Later I went to the Help section under "another issue with my fare" (or something) and requested that the Trip not be classified as XL, because I didn't feel it was right. The response I got was absolutely head-slapping. It was clearly automated and said something like "please explain the nature of your issue". I am losing the motivation to do the right thing and I think I'll just be more careful about accepting UberXL requests, and Cancel - Do Not Chare Rider those which I accept by accident.

I suppose Uber support personnel are too busy addressing actual issues on the East and West coasts to worry about us Hicks in flyover country....Lol.


----------



## Jimmy Bernat (Apr 12, 2016)

Why take XL off and leave extra money off the table ??
In a month of driving with XL I have yet to have someone with more then 4 pax , most are 3 or 4 people with a good amount of luggage . Or a lot of time people order an XL just for the extra space and the fact that it's not that much more on a minimum fare ride .

My Explorer only seats 6 also since it has captain chairs on the second row , no issue ever . I was calling each XL request to verify the number of PAX but now I don't worry about it , especially after talking to other XL drivers who work the day shifts and say they never get 6pax . Now I only call if the pickup is over 5 minutes away .
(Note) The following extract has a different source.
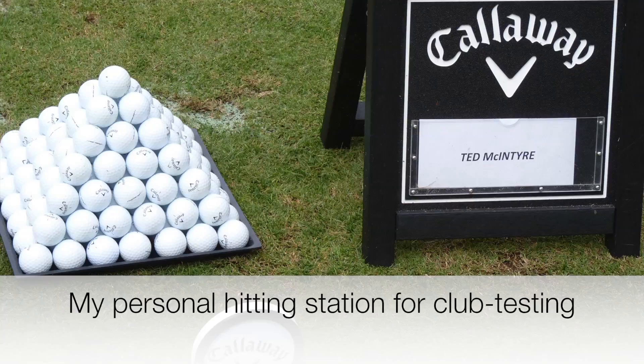Out front is the chipping green — they're giving you a pretty cozy setup: x-stiff, one inch or half inch shorter, 10.5 degrees.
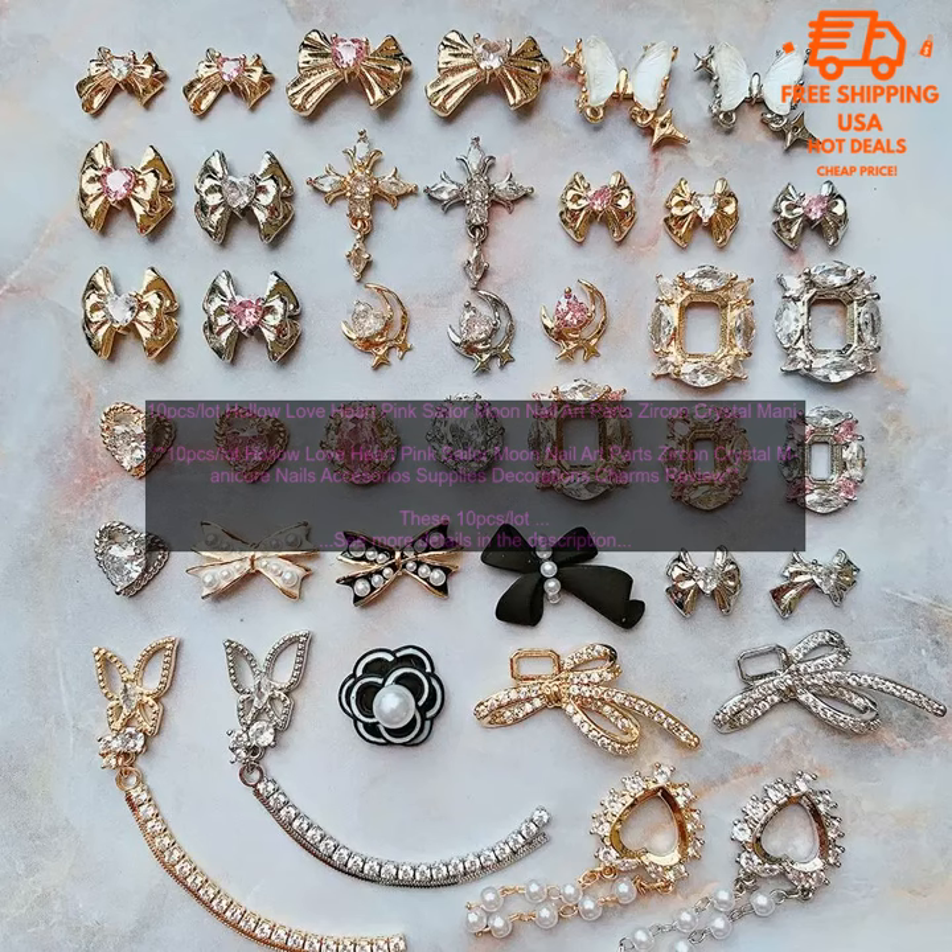They are made of high quality zirconium crystal, and they come in a variety of shapes and sizes. The hearts are hollow, so you can easily add them to your nails without worrying about them getting in the way. They are also very easy to apply, and they will stay on your nails for up to a week.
Like I said I wouldn't worry about it just call each ride or if you get there and there are 6 just apologize and cancel with "don't charge the rider"


----------



## MadTownUberD (Mar 11, 2017)

Thanks for the advice man I appreciate it. I did in fact get the fare adjusted downwards because in this particular instance they did have 6 people and I believe in doing the right thing. Maybe next time I will accept the ping and then call ahead as you suggested. Thanks again


----------



## Jimmy Bernat (Apr 12, 2016)

MadTownUberD said:


> Thanks for the advice man I appreciate it. I did in fact get the fare adjusted downwards because in this particular instance they did have 6 people and I believe in doing the right thing. Maybe next time I will accept the ping and then call ahead as you suggested. Thanks again


Yeah I agree they shouldn't have to pay xl in that situation . Not sure about your market but XL in my market is basically double the price . So the call is worth it


----------



## MadTownUberD (Mar 11, 2017)

Yes it's roughly double here as well; that's why I felt badly about it. Uber thanked me for looking out for my rider... for what that's worth.


----------



## Adieu (Feb 21, 2016)

Huh.... I get various attempts to overload me daily


----------



## Jimmy Bernat (Apr 12, 2016)

Adieu said:


> Huh.... I get various attempts to overload me daily


I guess it's all in the market and the times you drive. I imagine if I worked nights or bar hours I'd get a lot of that but since I only work the day and off the road by usually noon , 3pm at the latest . I don't get it much


----------